Polisler kapıyı kırdılar ve içeri girdiler hepsi içerdeydi ve korumalarıyla birlikte polisle çatışmaya başladılar. O hepsi fark ettiler ki hoşlandıkları insanlarda burdaydı.

-Durun! Tamam teslim oluyoruz.

Tam polislere doğru yaklaşırken minho'nun adamı han ve felix'i vurdu.

-Hey naptığını sanıyorsun piç herif! Han iyi misin?!

-Felix!Felix!

Hyunjin ve  minho o kadar hızlı koşup yaralanan sevgililerine gittiler. Ağlamaktan koşamıyorlardı.

-Lütfen çilli güzelim bırakma beni ben sensiz ne yaparım.

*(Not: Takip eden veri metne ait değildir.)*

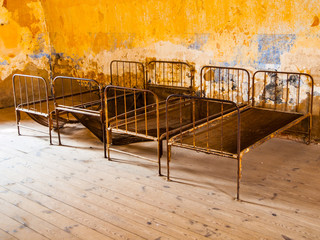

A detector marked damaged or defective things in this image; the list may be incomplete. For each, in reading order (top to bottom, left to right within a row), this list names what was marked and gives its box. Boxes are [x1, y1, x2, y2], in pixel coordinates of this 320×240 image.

rusty metal bed [12, 74, 77, 143]
rusty metal bed [104, 63, 251, 176]
rusty metal bed [166, 70, 314, 201]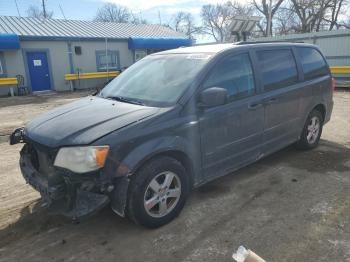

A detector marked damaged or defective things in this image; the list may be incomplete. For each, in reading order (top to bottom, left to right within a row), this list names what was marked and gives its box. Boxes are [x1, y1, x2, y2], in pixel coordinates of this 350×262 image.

damaged hood [25, 96, 159, 147]
damaged gray minivan [10, 42, 334, 227]
crumpled front bumper [19, 146, 109, 220]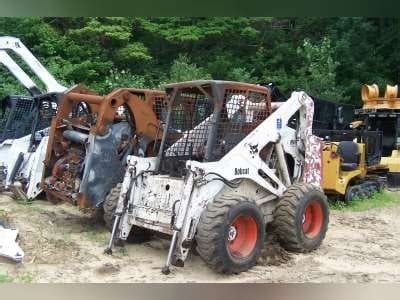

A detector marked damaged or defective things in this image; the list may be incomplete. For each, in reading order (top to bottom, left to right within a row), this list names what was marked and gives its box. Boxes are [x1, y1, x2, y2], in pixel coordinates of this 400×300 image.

rusted skid steer [43, 85, 168, 210]
damaged machinery [43, 86, 168, 209]
rusted skid steer [104, 79, 330, 274]
damaged machinery [104, 79, 330, 274]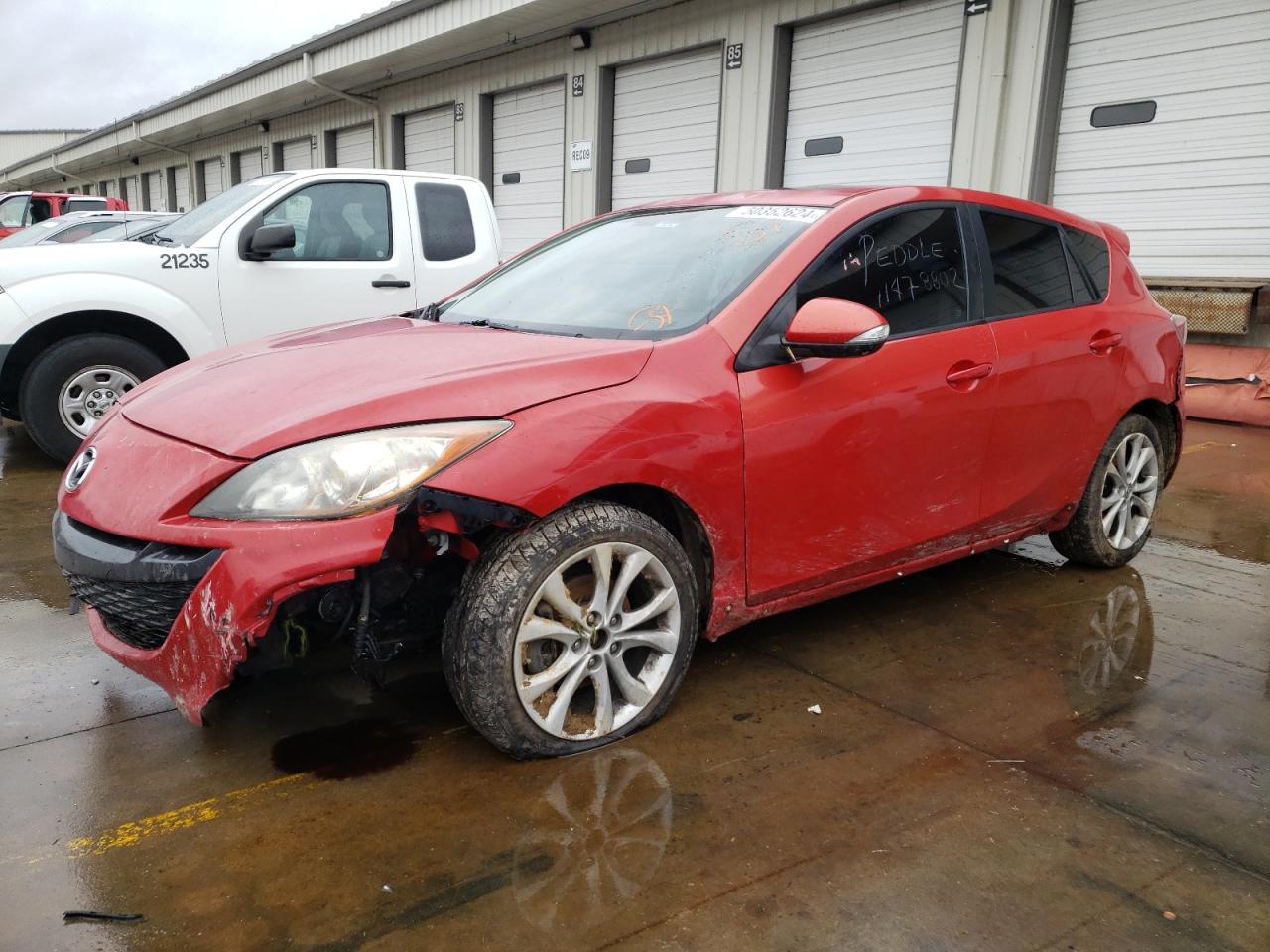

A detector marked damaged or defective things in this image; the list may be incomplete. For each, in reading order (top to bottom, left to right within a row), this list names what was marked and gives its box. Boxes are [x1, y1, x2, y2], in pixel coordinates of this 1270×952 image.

red vehicle damage [0, 187, 128, 236]
cracked front bumper [53, 416, 397, 722]
red vehicle damage [50, 186, 1183, 754]
damaged red hatchback [52, 189, 1183, 758]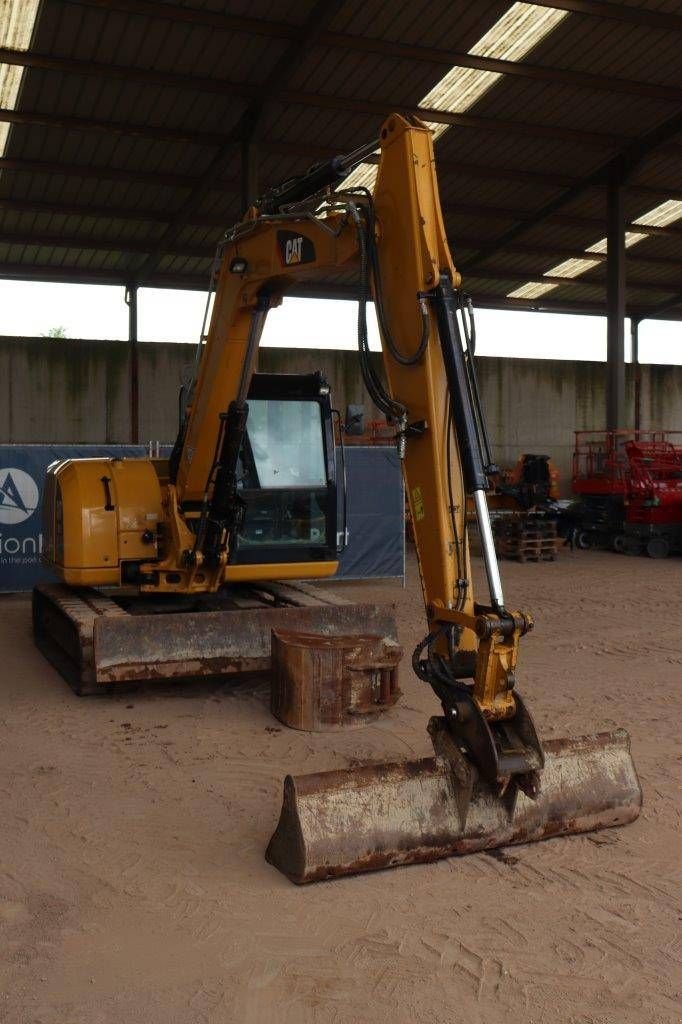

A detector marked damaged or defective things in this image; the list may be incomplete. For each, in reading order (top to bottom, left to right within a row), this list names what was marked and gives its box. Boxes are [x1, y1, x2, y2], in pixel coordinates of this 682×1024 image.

rusty excavator bucket [264, 720, 636, 880]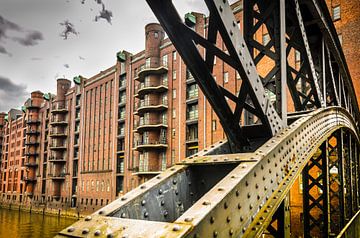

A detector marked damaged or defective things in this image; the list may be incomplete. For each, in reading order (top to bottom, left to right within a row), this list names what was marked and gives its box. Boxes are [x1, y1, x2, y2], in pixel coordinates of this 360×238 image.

rusty metal surface [57, 107, 358, 237]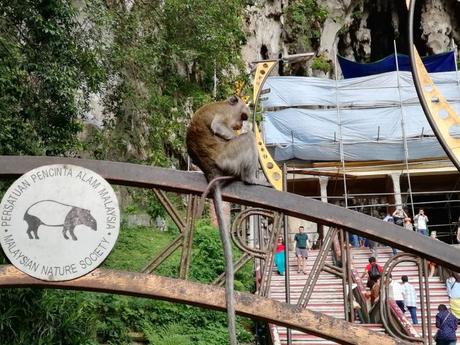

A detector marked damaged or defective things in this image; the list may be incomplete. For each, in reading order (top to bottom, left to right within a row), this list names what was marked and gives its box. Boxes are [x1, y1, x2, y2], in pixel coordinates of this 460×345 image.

rusted metal surface [1, 155, 458, 270]
rusted metal surface [0, 264, 410, 342]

-Minik sincapım nolur yaşa sensiz ölmek istemiyorum. Bırakma beni nolursun!

-Minho git...

-Evet Hyunjin sende...

-Hayır!!!

Polisler hepsini yakaladı ve felix ve han'ı hastaneye götürdüler. İyi ki kurşun sıyırmıştı. Pansuman ve dikiş attılar. Ama 1 saattir han ve felix uyanmamıştı.

-Nolur uyanın. Hani biz ailedik. Aile dediğin geride kimseyi bırakmaz.

-Evet jeongin haklı. Aile dediğin kimseyi bırakmaz.

-Off yeterin ne drama yaptınız.

-Siz uyanık mıydınız?!

-Sizin sesinizden kim uyanmaz lütfen.

-İyisiniz dimi bir yeriniz acımıyor.

-İyiyiz chan merak etme hadi gidelim evimize.

-Bu arda yarın sorgu varmış gitmek ister misiniz?

-Jeongin hayır. Felix ve han bu haldeyken gidemeyiz biliyorsun.

-Üzgünüm.

-Eve gidelim size ben çorba yapayım yerine hiçbir şeyiniz kalmaz.

-Yaşasın çorba!!

-Hadi gidelim.

Chan eve gider gitmez hemen tavuk çorbası yaptı ve dediği gibi yarına o kadar enerjik başlamışlardı ki yerlerinde duramiyorlardı. Ama tam o sırada da sorgu başlamıştı.

-Yaptığınız suçları itiraf ediyor musunuz?

-İlk önce ben sorucam felix ve han iyi mi? Ölmediler değil mi?

-Ölmediler. Siz benim soruma cevap verin suçlarınızı kabul ediyor musunuz?

-Evet itiraf ediyoruz.

-Kaç yıldır bu işi yapıyorsunuz .

-5 yıldır.

Sorgu hemen hemen 2 saat sürdü ilk baştan sona kadar herşeyi anlattılar. 1 hafta sonra mahkemeleri olacaktı ama hiçbir avukat onları savunmak istemiyordu. En sonunda bir avukat bulundu ama bu onların cezasını hafifletecek mi bilmiyorlardı. Tek bilmek istedikleri felix ve han'ın nasıl olduklarydı. İstedikleri ya da umutları hepsinin kendilerini affetmeleriydi. Eğer affetmezlerse hapis cezasından değil vicdan azabından öleceklerdi. Çünkü hepsi de onları gerçekten sevmişti ve onları hayal kırıklığına uğratmak çok kötü hissettiriyordu.